See our latest analysis for Westlife Foodworld

NSEI:WESTLIFE Return on Capital Employed December 10th 2025

Above you can see how the current ROCE for Westlife Foodworld compares to its prior returns on capital, but there's only so much you can tell from the past. If you'd like, you can check out the forecasts from the analysts covering Westlife Foodworld for free.

So How Is Westlife Foodworld's ROCE Trending?

Westlife Foodworld has recently broken into profitability so their prior investments seem to be paying off. The company was generating losses five years ago, but now it's earning 5.2% which is a sight for sore eyes. And unsurprisingly, like most companies trying to break into the black, Westlife Foodworld is utilizing 60% more capital than it was five years ago. We like this trend, because it tells us the company has profitable reinvestment opportunities available to it, and if it continues going forward that can lead to a multi-bagger performance.

What We Can Learn From Westlife Foodworld's ROCE

In summary, it's great to see that Westlife Foodworld has managed to break into profitability and is continuing to reinvest in its business.

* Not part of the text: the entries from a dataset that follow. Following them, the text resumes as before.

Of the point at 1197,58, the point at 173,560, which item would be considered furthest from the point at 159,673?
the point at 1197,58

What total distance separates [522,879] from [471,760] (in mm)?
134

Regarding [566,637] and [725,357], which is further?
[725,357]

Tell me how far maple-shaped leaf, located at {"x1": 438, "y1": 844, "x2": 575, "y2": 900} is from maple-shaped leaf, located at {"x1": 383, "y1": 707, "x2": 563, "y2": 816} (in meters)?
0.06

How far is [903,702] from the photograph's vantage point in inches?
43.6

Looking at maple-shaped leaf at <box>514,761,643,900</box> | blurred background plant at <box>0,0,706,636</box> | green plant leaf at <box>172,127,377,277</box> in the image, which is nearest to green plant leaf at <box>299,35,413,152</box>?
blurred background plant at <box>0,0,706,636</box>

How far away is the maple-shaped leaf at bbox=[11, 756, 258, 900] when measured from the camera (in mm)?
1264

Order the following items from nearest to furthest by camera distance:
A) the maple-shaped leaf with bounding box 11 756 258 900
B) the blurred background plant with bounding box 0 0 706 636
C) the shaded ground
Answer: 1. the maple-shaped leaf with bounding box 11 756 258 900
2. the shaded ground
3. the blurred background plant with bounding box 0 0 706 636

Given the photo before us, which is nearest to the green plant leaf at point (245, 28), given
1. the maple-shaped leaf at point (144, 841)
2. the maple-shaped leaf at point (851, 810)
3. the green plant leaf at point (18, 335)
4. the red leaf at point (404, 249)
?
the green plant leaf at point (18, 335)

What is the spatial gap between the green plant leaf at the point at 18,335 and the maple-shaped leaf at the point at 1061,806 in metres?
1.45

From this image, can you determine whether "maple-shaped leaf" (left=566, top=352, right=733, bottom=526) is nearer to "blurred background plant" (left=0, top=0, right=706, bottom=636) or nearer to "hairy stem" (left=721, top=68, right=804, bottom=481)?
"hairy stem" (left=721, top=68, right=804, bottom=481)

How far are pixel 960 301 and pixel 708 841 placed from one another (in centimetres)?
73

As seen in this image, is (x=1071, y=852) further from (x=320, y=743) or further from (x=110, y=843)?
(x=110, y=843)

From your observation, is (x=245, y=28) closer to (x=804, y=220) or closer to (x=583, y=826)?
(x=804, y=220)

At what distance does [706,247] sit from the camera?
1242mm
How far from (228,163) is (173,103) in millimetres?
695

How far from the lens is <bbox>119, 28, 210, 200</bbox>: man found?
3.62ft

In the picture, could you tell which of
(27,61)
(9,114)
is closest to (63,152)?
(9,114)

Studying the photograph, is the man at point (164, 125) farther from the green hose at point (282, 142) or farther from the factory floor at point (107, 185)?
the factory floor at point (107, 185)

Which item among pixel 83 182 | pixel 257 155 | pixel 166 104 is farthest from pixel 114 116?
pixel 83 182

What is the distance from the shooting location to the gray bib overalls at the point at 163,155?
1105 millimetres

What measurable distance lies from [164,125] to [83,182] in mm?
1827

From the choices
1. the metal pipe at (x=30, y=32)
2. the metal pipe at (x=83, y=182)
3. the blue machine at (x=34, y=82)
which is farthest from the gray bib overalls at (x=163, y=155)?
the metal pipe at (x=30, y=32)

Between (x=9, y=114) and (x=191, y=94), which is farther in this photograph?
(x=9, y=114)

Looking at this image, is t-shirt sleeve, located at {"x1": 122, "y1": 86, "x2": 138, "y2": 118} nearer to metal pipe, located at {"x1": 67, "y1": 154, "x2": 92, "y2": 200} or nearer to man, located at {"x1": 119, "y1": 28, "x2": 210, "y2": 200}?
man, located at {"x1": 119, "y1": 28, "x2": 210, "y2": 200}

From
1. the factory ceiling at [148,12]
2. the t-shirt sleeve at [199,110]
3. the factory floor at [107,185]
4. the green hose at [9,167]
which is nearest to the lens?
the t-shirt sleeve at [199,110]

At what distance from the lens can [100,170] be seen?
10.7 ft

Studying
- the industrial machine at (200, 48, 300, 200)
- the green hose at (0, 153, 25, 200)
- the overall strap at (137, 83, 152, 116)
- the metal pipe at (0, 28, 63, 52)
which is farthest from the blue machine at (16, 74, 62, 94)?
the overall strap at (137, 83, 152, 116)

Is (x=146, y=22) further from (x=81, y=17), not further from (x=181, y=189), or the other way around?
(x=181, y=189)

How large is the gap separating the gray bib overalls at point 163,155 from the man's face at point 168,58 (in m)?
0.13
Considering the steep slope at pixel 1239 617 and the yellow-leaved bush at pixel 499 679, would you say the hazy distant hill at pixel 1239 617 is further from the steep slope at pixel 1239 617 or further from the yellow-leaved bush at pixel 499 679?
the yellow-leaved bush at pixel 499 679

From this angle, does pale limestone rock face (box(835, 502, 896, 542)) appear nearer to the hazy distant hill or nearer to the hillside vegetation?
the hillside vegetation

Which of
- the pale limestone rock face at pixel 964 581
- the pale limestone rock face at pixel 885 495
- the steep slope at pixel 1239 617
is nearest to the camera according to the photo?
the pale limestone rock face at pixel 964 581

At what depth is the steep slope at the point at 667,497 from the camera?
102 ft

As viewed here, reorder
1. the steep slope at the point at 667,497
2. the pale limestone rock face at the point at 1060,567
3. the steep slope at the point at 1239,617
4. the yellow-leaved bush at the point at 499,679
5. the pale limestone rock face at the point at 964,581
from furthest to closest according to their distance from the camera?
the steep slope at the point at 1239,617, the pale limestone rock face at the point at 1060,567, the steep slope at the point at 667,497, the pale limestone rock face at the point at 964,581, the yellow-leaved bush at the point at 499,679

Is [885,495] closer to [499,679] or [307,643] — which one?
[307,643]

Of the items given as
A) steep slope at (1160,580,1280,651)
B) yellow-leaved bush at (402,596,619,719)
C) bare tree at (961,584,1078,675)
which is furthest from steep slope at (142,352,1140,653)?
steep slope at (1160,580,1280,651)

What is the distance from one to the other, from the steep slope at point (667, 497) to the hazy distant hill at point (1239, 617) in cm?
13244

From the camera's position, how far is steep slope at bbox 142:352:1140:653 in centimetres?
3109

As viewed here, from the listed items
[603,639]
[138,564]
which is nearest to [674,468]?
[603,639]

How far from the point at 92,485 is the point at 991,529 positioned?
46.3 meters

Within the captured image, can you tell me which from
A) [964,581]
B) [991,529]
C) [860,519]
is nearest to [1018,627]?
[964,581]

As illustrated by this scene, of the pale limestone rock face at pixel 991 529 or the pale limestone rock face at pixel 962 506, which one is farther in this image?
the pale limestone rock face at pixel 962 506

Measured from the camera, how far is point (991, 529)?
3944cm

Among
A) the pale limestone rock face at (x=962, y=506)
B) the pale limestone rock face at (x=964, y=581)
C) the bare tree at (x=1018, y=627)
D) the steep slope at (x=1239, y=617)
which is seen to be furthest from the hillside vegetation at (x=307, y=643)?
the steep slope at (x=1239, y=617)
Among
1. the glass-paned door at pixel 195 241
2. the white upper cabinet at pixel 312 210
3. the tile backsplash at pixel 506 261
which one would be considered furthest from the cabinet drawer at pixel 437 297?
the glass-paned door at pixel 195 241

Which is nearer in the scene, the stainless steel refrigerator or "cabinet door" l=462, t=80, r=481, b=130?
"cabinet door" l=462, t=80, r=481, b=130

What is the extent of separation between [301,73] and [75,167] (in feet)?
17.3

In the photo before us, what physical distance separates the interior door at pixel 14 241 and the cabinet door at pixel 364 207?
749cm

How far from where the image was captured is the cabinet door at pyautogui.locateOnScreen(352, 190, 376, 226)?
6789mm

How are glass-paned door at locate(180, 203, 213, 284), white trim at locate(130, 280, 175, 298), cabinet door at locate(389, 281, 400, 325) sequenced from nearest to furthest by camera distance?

Considering the stock has delivered 33% to its stockholders over the last five years, it may be fair to think that investors aren't fully aware of the promising trends yet. So with that in mind, we think the stock deserves further research.

On a final note, we've found 1 warning sign for Westlife Foodworld that we think you should be aware of.

While Westlife Foodworld isn't earning the highest return, check out this free list of companies that are earning high returns on equity with solid balance sheets.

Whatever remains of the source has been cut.